Directions — Look through the entries below for the line with "Lora Zombie in" and the line with "Happy family enjoying", then give again exactly those two lines and all lines between them, minus the pictures.

Available data —
=-=-=-=-=

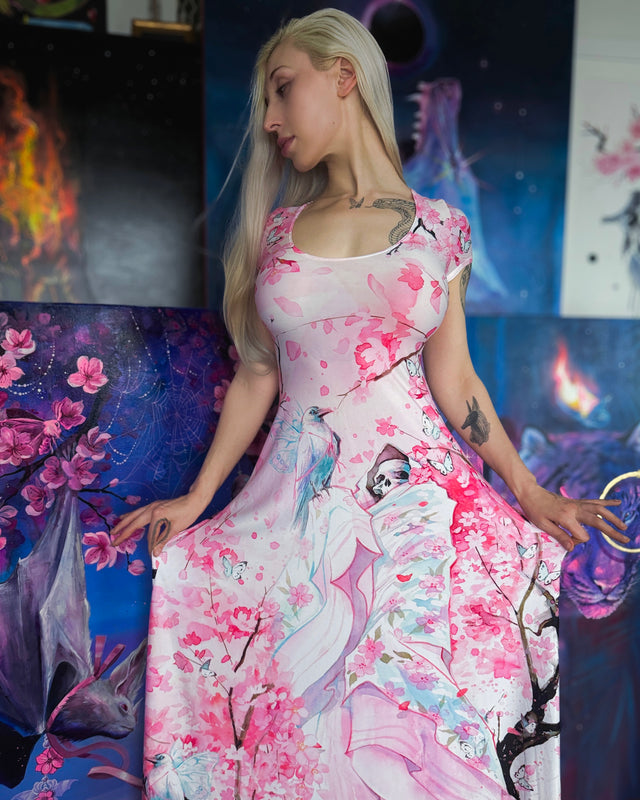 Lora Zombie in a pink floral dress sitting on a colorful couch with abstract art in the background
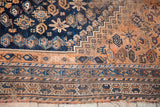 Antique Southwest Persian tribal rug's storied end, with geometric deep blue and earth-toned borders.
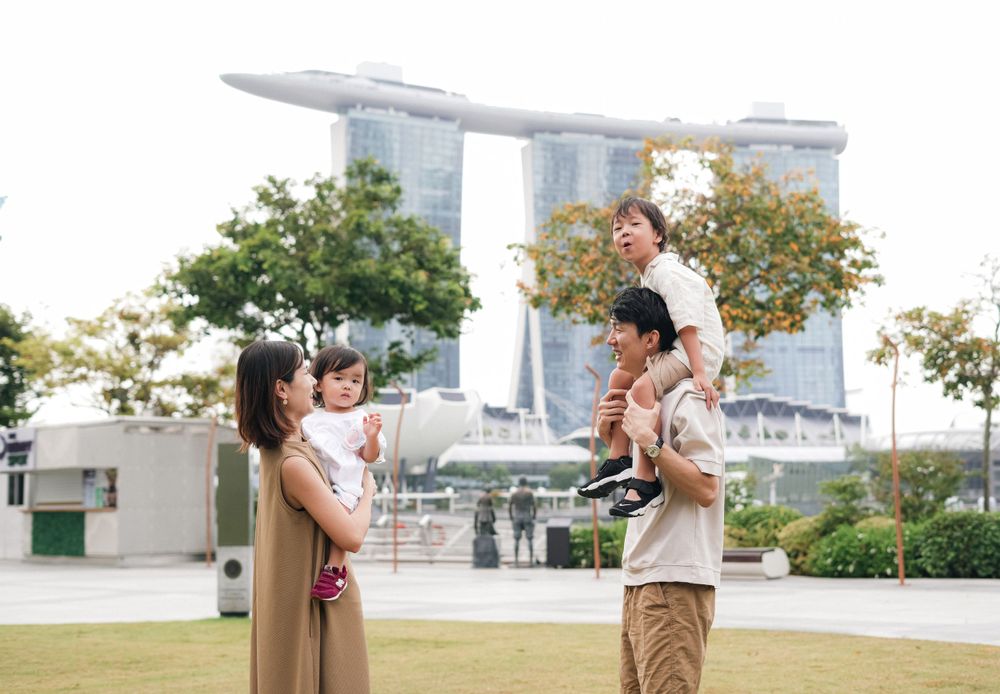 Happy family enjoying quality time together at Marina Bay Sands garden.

=-=-=-=-=

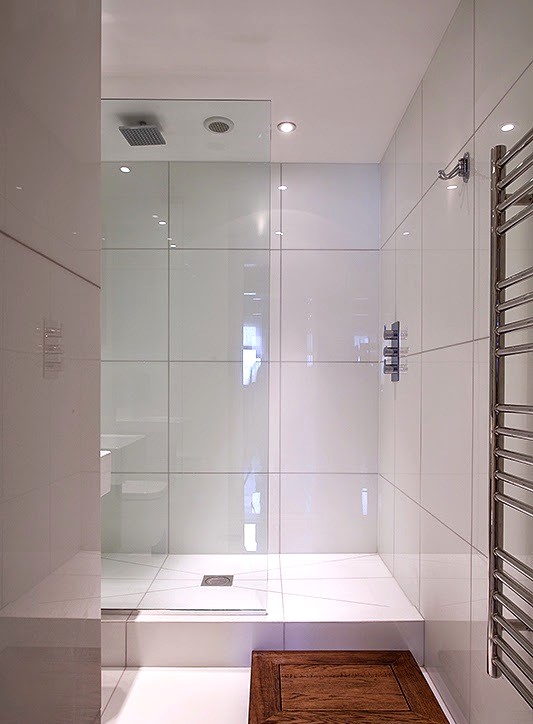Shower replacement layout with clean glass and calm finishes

=-=-=-=-=

Problem solution —
 Lora Zombie in a pink floral dress sitting on a colorful couch with abstract art in the background
 Antique Southwest Persian tribal rug's storied end, with geometric deep blue and earth-toned borders.
 Happy family enjoying quality time together at Marina Bay Sands garden.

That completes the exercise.